LOS ANGELES — The small project room that houses Vietnamese artist Trương Công Tùng’s exhibition at the Institute of Contemporary Art, Los Angeles (ICA LA) — his first solo museum show — is dark save for a few lights that are embedded within an installation and two videos: “Dance of the insects” (2020), which is suspended from the ceiling, where insects crawl across a recording of an evening newscast, and “The lost landscape” (2021), a series of close-up shots of the eyes of taxidermied animals from various natural history museums. The taxidermied animals are frozen between states of death and life, stuck between being living creatures and objects of display. 

Displayed throughout the room is “the state of absence – voices from outside” (2020–ongoing), an installation of gourds that have been connected through a series of plastic tubes, which pass water, dirt, and seeds among the gourds, and visibly entangle with each other.

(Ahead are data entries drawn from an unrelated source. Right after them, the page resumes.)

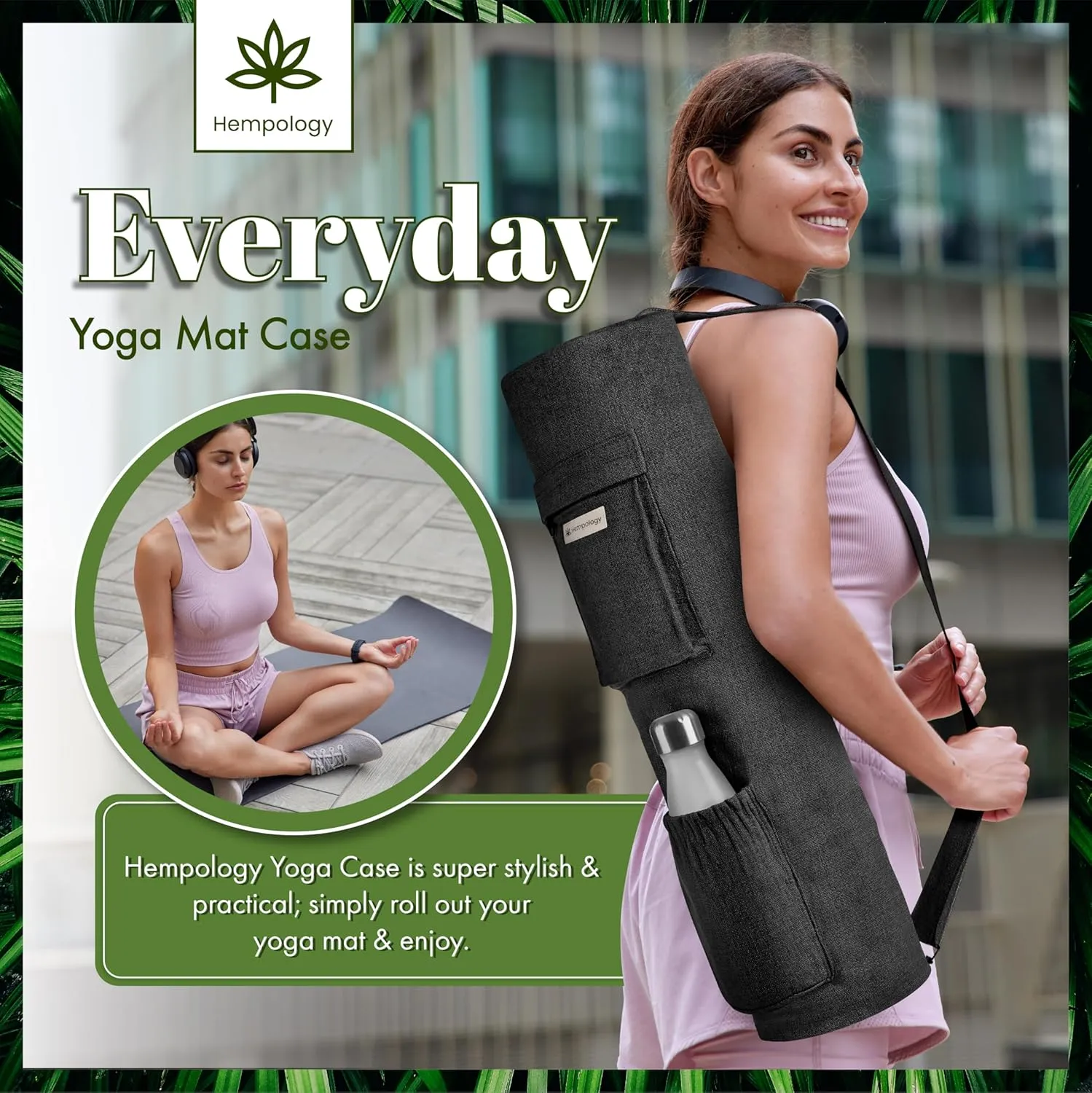 Yoga Mat Bag with Adjustable Strap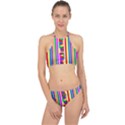 Rainbow Geometric Spectrum Racer Front Bikini Set View1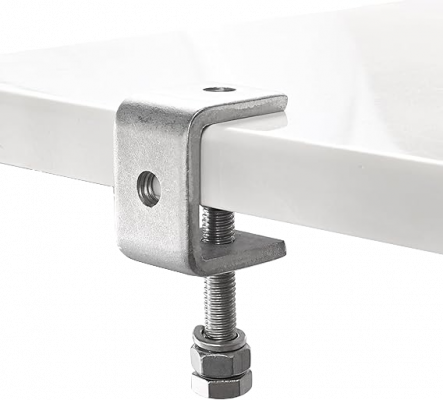 CLAMP-M8 Grapa en C de acero inoxidable con varilla roscada M8 y tuerca hexagonal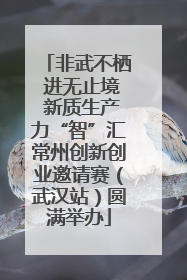 非武不栖 进无止境 新质生产力“智”汇常州创新创业邀请赛（武汉站）圆满举办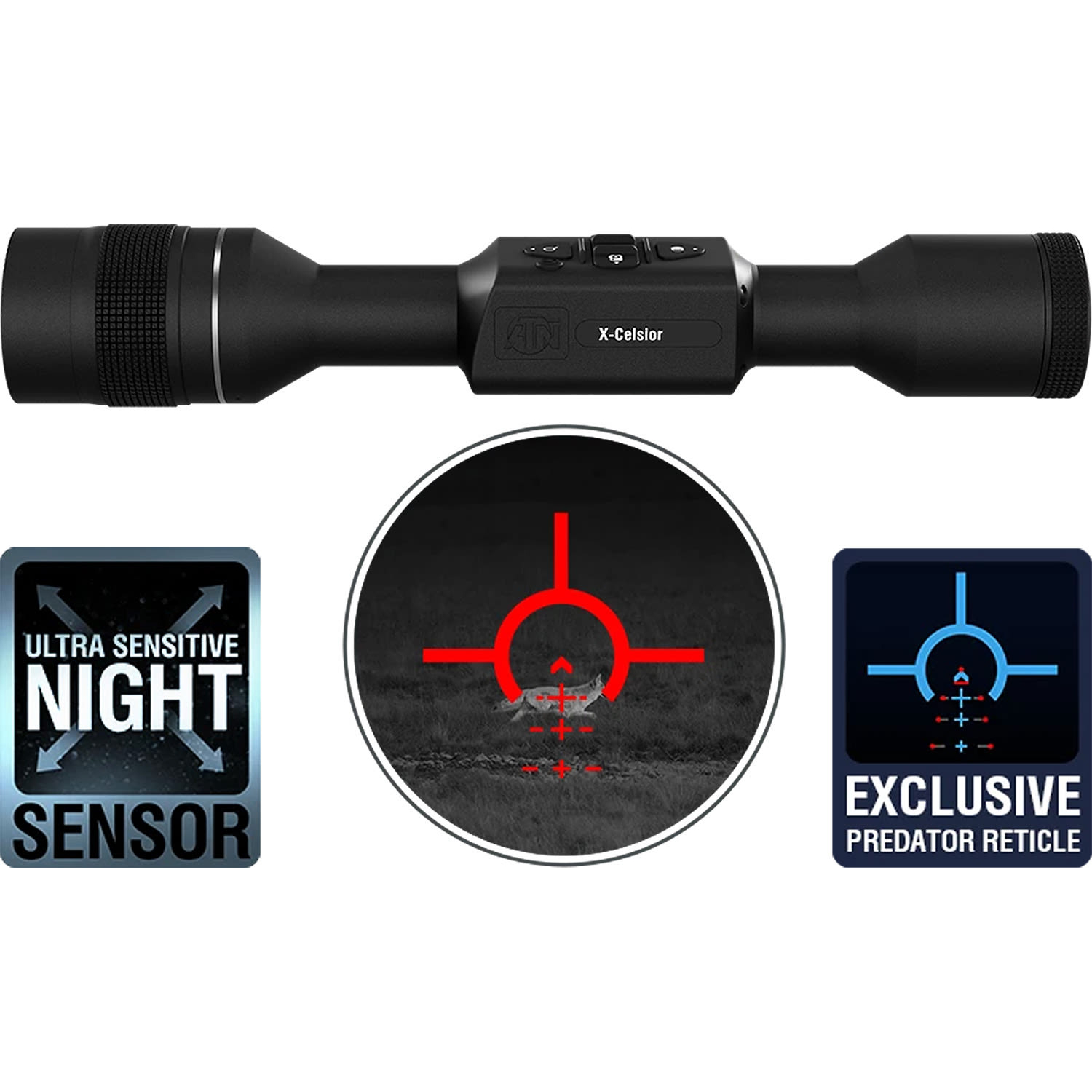 Atn X-celsior 5-15X Night Vision Riflescope Black 30MM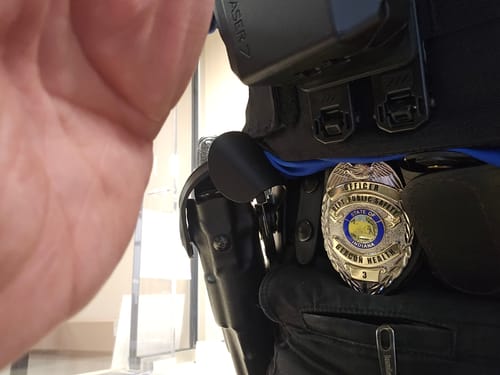 Customer photo review of Customizable Badge BA08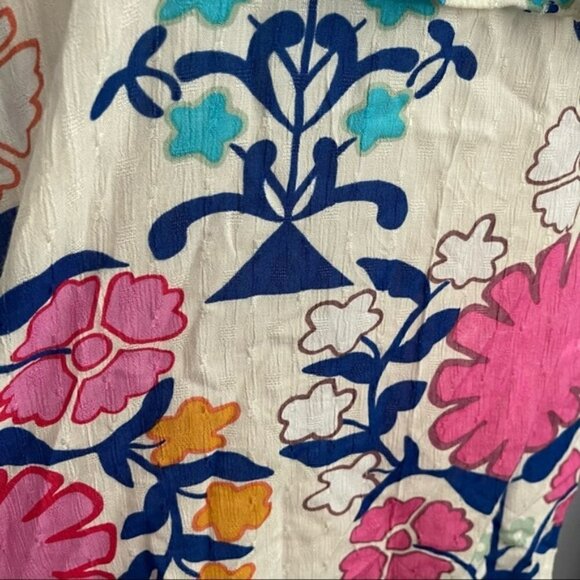 NEW RACHEL Rachel Roy Floral Ruffled One Shoulder Top US M - Picture 3 of 6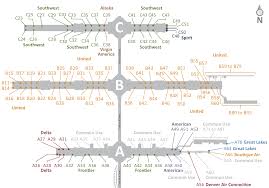 The jeppesen terminal is separated into west and east. Hub Report Denver International Airport Den And United Airlines Airlinereporter Airlinereporter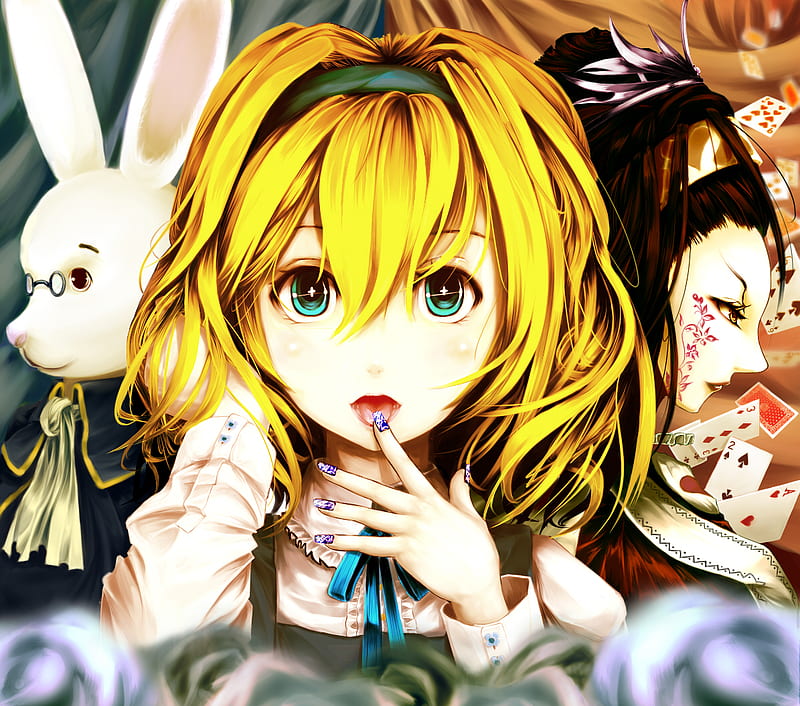 Alice in Wonderland, queen of hearts, movie, alice, glitter, ribbon,  wonderland, HD wallpaper | Peakpx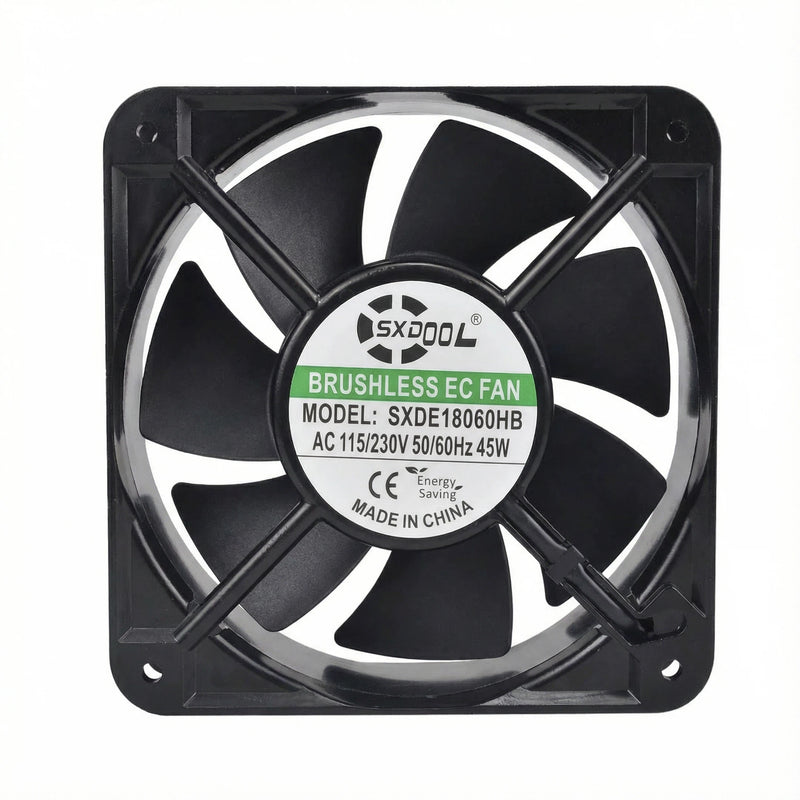 SXDOOL 180x180x60mm 115V/230V EC Axial Fan 415CFM Dual Ball Bearing - EC Axial Fan by SXDOOL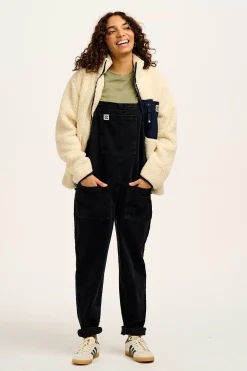 Lucy & Yak Original - Denim Dungarees in Washed Black Clearance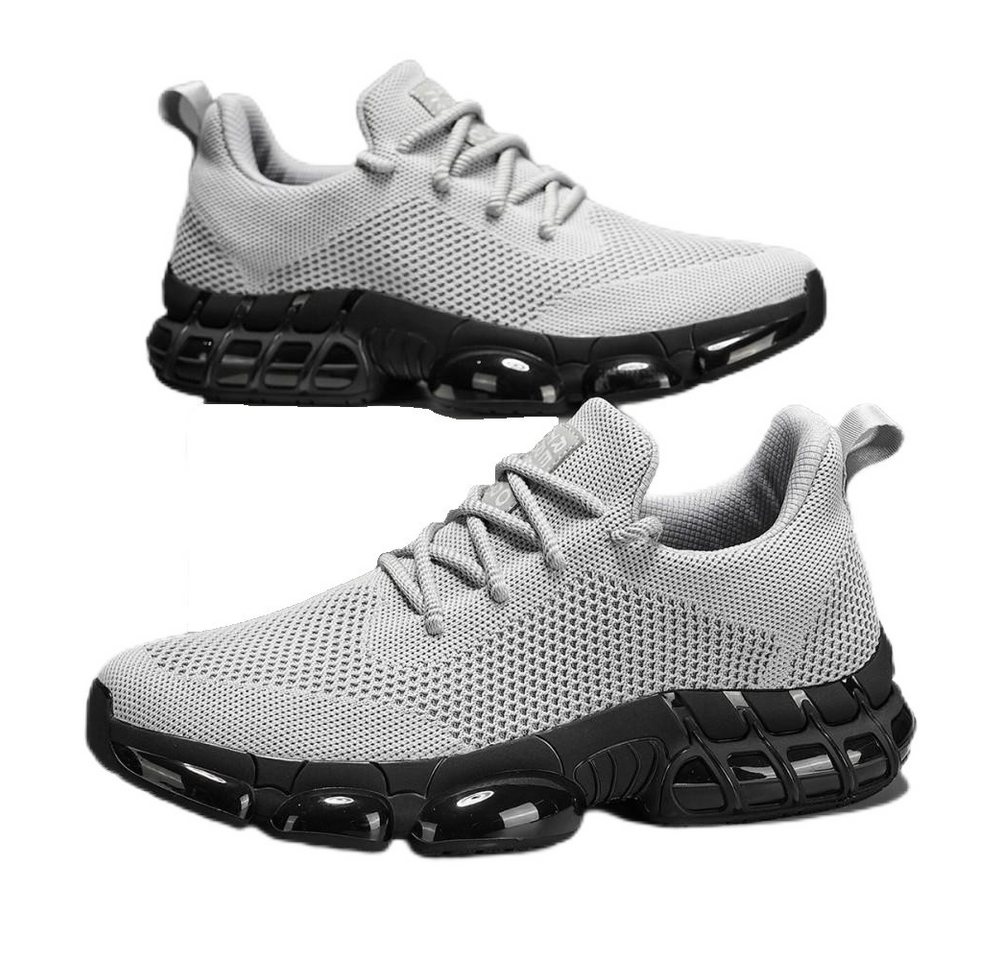 HUSK'SWARE Sneaker (Luftkissen-Sohle, Strick-Obermaterial) Herren verschleißfeste, rutschfeste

Some of the gourds contain bubbling water, which needs to be refilled periodically, while others have mechanical parts attached to them that make them hum, wiggle, or ring at various intervals. The gourds are sealed in lacquer, which both protects them and enhances the contrast of the surface after it has been polished.

At the entrance of the project room hangs “Long Long Legacies” (2021–ongoing), a curtain made of wooden beads sewn together into a net-like form. These beads are created from rubber, coffee, cashew, and forest tree wood from the central highlands of Vietnam, resources that have been exploited due to war and industrialization. Like individuals, each bead carries its own unique relationship to this history. The piece reflects the harmful effects of colonization, war, and rapid industrialization but also the community and belonging that weave a group together as a result. Is the beaded net — and its embedded histories — a protective casing, like the lacquer surfaces of the gourds, or is it a prison that traps and ossifies collective trauma into a national identity?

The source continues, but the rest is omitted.